* **Exercise brief**
Below are records with pictures; copy word for word only the lines between the line with "Dog In A Suit 2 Art Print" and the line with "Meuble de rangement", inclusive, and drop the pictures.

* **Data for analysis**
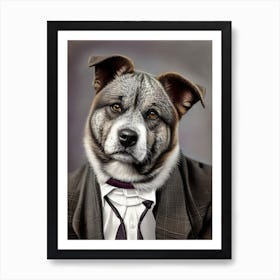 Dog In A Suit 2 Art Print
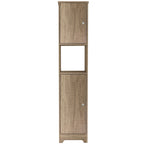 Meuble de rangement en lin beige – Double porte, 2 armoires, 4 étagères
==
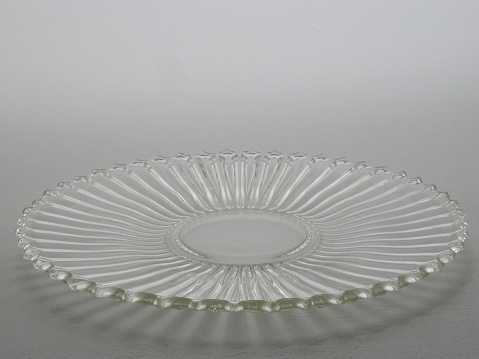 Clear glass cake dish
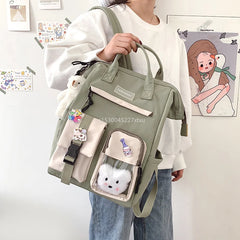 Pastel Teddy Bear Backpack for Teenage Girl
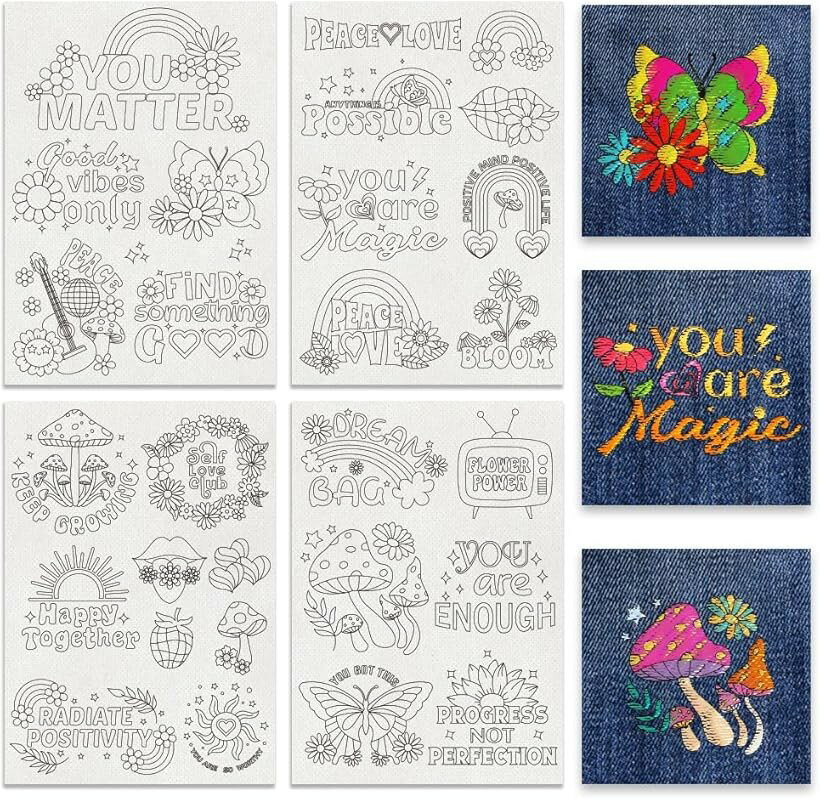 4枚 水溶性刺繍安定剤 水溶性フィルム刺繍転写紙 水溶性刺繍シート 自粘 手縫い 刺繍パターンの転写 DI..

* **Problem solution**
 Dog In A Suit 2 Art Print
 Meuble de rangement en lin beige – Double porte, 2 armoires, 4 étagères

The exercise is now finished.